Sneakerheads love to lament the ever-increasing retail price of Retro Jordans.  With GR prices hitting $170 and premium versions like the 5Lab3 reaching $225, it definitely feels like prices are increasing at a quicker rate than ever before.  There have been two price hikes in the past two years alone and rumors constantly abound that more are just around the corner.  What gives?

We all inherently understand inflation.  Sneakers are not immune from the rising costs of raw materials, labor, shipping, etc.  No one expects to cop $100 retros forever.  So the question, then, is whether the retail price of Jordans is increasing faster than inflation.  Is the newly minted $170 GR price more or less than historical prices, in equivalent dollars?

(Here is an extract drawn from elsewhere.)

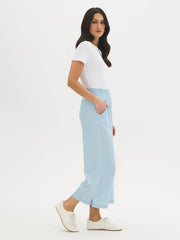 Striped Denim Gaucho Pants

To answer the question we analyzed the change in retail price for three prolific retro models (3, 5, 6) over the past 25 years.  Using the U.S. Department of Labor, Bureau of Labor Statistics Inflation Calculator we calculated the equivalent 2014 purchasing power for each of the historical prices.  The result is this chart:

Jordan Retail Inflation 032814

Key Insights:

  • The most obvious visual observation is how expensive OGs were.  $125 for Jordan 5s in 1991 is the equivalent if $225 today!  No wonder these were so groundbreaking.  At no point in history have Jordans been as expensive as they were when they came out.
  • The next obvious insight is that, besides OGs, the current $170 retail price is the most expensive.
  • BUT . . . the fact that 8 of the 12 prices between 1999 and 2013 have an equivalent value greater than $160 (the 2013 price) means that the $170 price is not significantly more expensive than it should be.  In fact, $170 is both reasonable and logical.  If the price stays at $170 for 2015 it might be exactly in line with inflation.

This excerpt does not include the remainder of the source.